-- PROVIDED RECORDS follows --

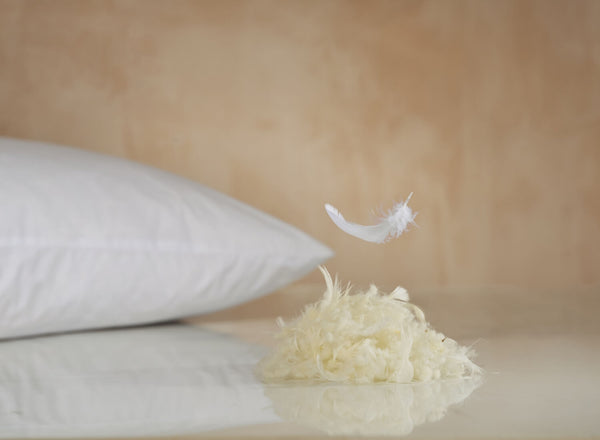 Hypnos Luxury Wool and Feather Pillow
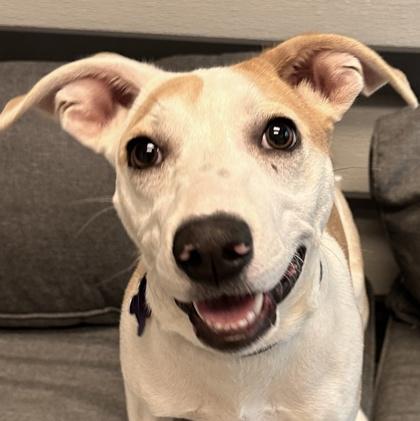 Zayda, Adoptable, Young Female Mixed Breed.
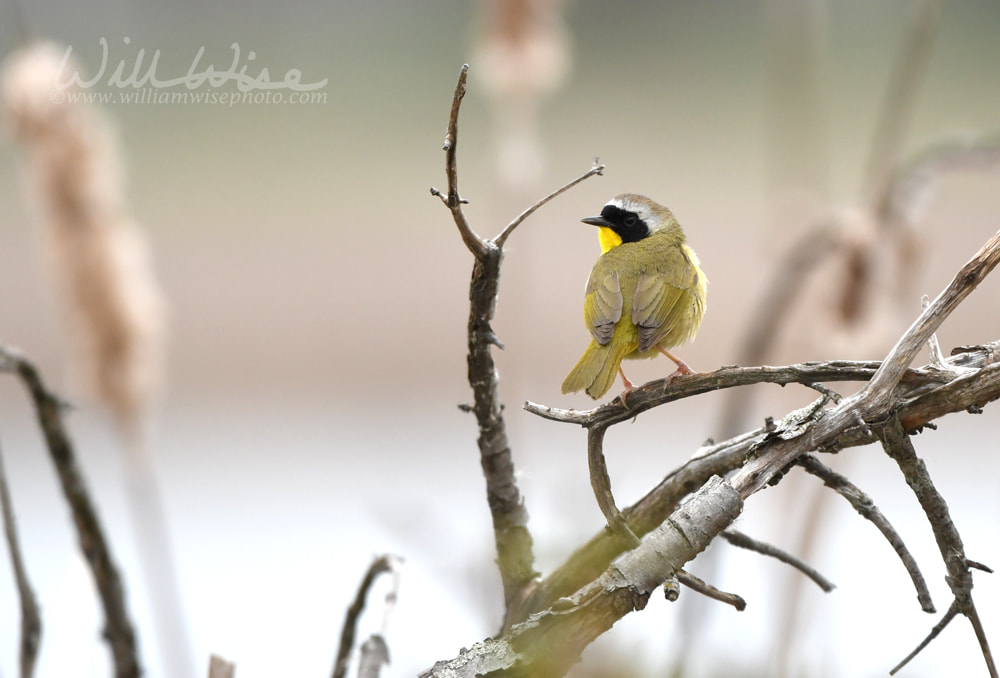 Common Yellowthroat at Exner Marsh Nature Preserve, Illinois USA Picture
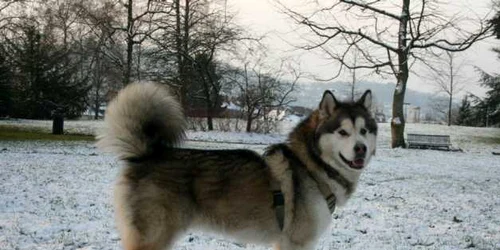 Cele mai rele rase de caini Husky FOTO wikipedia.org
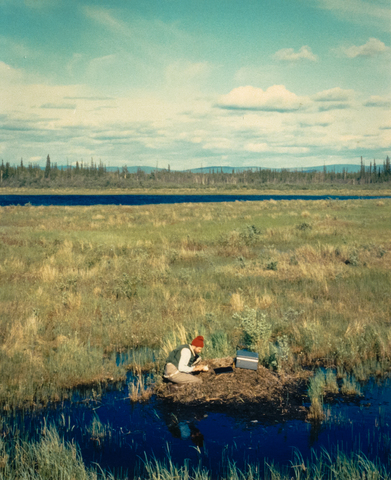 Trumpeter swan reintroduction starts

-- PROVIDED RECORDS concluded --

Give back exactly the lines from the line with "Cele mai rele" through the final line of the entries above, and keep pictures out of the copy.

ANSWER SPACE:
 Cele mai rele rase de caini Husky FOTO wikipedia.org
 Trumpeter swan reintroduction starts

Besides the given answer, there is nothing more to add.